As Rio de Janeiro prepares to host the world’s best athletes at the 2016 Olympic Games, spectators, tourists and business professionals are excitedly packing their bags, checking their tickets and getting ready to descend on one of the world’s most beautiful countries. Like most of South America, Brazil enjoys incredible scenery and landscapes, from the long, sprawling beaches of Copacabana to its rugged mountain ranges.
Olympics fans lucky enough to be heading to Brazil to support their team can enjoy Rio's rich culture and traditions to the full with a few simple etiquette tips:
General greeting and conversation:
Much of Brazil’s social etiquette is based on a strong level of trust and sense of family. Families tend to be quite large and very close, especially the extended family. Unlike some other countries and cultures, the practice of favouring relatives or friends suggests that trust is the main focus and of primary importance.
Meeting and Greeting:
When meeting someone for the first time in Brazil, the greeting depends on how well you know the person.
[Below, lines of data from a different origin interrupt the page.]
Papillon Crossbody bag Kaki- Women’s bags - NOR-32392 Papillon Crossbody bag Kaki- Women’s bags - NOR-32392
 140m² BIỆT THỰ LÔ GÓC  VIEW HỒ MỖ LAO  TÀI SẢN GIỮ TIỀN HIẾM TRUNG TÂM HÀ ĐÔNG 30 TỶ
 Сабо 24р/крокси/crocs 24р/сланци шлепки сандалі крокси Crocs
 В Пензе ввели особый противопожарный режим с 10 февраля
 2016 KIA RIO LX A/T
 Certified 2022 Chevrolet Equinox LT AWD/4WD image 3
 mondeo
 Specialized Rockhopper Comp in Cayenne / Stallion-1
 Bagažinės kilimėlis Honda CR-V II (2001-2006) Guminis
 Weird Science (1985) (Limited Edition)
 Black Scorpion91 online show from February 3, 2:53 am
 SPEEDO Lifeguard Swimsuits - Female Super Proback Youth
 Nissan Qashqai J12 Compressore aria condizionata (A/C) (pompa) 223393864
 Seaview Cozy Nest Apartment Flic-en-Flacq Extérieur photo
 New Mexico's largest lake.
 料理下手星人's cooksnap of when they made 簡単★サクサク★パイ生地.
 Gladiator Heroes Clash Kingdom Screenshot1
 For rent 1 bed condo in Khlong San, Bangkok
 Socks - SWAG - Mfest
Conversation and communication across Brazil is usually relaxed and quite informal.
Invitations and gift-giving:
Whether you’re visiting Brazil as a tourist or for business, you may be invited to an event or party. Although gift-giving in Brazil is not as ritualistic as for some Eastern cultures, there is still an level of etiquette that those being hosted should observe.
Unlike in the UK, punctuality is not strictly adhered to in social situations in Brazil.
If a dress code is not stated on the invitation, it is always better to err on the side of formality than under-dressing. Although Brazilians tend to dress casually, they will do so with elegance and with flair, and judgment is often passed on others’ appearance. Visitors, therefore, should take note and dress accordingly.
If invited to a social occasion, you should present the hostess with a small gift, usually flowers.